Environment Variables

Variable Default Description
OOM_RESTART_ENABLED true Enable/disable OOM protection
OOM_MEMORY_THRESHOLD 90 Memory threshold percentage (0-100)

Configuration Example (.env)

# Enable OOM protection (default: true)
OOM_RESTART_ENABLED=true

# Set memory threshold to 85% for more aggressive protection
OOM_MEMORY_THRESHOLD=85

How It Works

1. Background Monitoring

A dedicated background thread checks memory every 30 seconds:

# In serve_pdf.py
def monitor_memory_loop():
    # Checks:
    # - System memory usage
    # - Process memory usage
    # - GPU memory usage
    # - Triggers restart if threshold exceeded

2. Pre-Processing Check

Before processing each PDF:

  • Checks if system is already in OOM condition
  • Rejects processing if memory is critically low
  • Triggers restart if needed

3. Post-Processing Check

After processing each PDF:

  • Verifies memory hasn't exceeded threshold
  • Triggers restart if memory is high

4. Exception Handling

Catches specific OOM exceptions:

  • torch.cuda.OutOfMemoryError - GPU OOM
  • MemoryError - System RAM OOM
  • Automatically triggers graceful restart

Testing OOM Protection

Test 1: Monitor Memory

# Watch memory usage
./monitor_memory.sh

# In another terminal, process a large PDF
curl -X POST http://localhost:8000/process_pdf \
  -H "Authorization: Bearer your-token" \
  -F "file=@large.pdf"

Test 2: Simulate High Memory

You can temporarily lower the threshold to test the restart mechanism:

# In .env
OOM_MEMORY_THRESHOLD=30  # Will trigger restart at 30%

# Restart service
docker-compose restart

Test 3: Check Health Endpoint

watch -n 5 'curl -s http://localhost:8000/health | jq'

Troubleshooting

Service Keeps Restarting

Problem: Service enters restart loop

Solutions:

  1. Increase OOM_MEMORY_THRESHOLD
  2. Reduce BATCH_SIZE in serve_pdf.py
  3. Reduce MAX_CONCURRENCY in config.py
  4. Process smaller PDFs

Memory Still Too High

Problem: Even with protections, memory usage is too high

Solutions:

  1. Reduce DPI in pdf_to_images_high_quality() (default: 144)
  2. Reduce BATCH_SIZE in process_pdf_internal() (default: 10)
  3. Reduce NUM_WORKERS in config.py
  4. Limit concurrent requests

Monitoring Not Working

Problem: Memory monitor not starting

Check:

# Check logs
docker logs <container> | grep -i "memory monitor"
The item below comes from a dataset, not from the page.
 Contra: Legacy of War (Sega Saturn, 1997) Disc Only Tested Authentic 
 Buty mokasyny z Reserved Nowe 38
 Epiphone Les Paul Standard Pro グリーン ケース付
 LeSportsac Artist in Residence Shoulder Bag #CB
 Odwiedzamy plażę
# Verify psutil is installed
python -c "import psutil; print(psutil.__version__)"

Log Messages

Normal Operation

✅ Memory monitor started (threshold: 90%, interval: 30s)

OOM Detected

⚠️  OOM CONDITION DETECTED:
   System Memory: 91.2%
   Process Memory: 18.50 GB
   Available Memory: 2.80 GB
🔄 INITIATING GRACEFUL RESTART DUE TO OOM CONDITION

Processing with OOM

❌ System OOM condition detected before processing: 92.5% memory usage
❌ GPU OOM: CUDA out of memory

Best Practices

  1. Monitor Regularly: Use monitor_memory.sh during operation
  2. Set Appropriate Threshold: 90% is default; adjust based on your system
  3. Process Smaller Batches: If you have memory issues, reduce BATCH_SIZE
  4. Check Health Endpoint: Use /health to monitor memory trends
  5. Review Logs: Check for OOM warnings to identify problematic files

Performance Impact

  • Memory overhead: ~5-10 MB for monitoring thread
  • CPU overhead: Negligible (<0.1% CPU)
  • Restart time: ~5-10 seconds for graceful shutdown

Support

For issues or questions about OOM protection:

  1. Check logs for OOM warnings
  2. Use /health endpoint to monitor memory
  3. Review configuration in .env file
  4. Adjust threshold based on your system capacity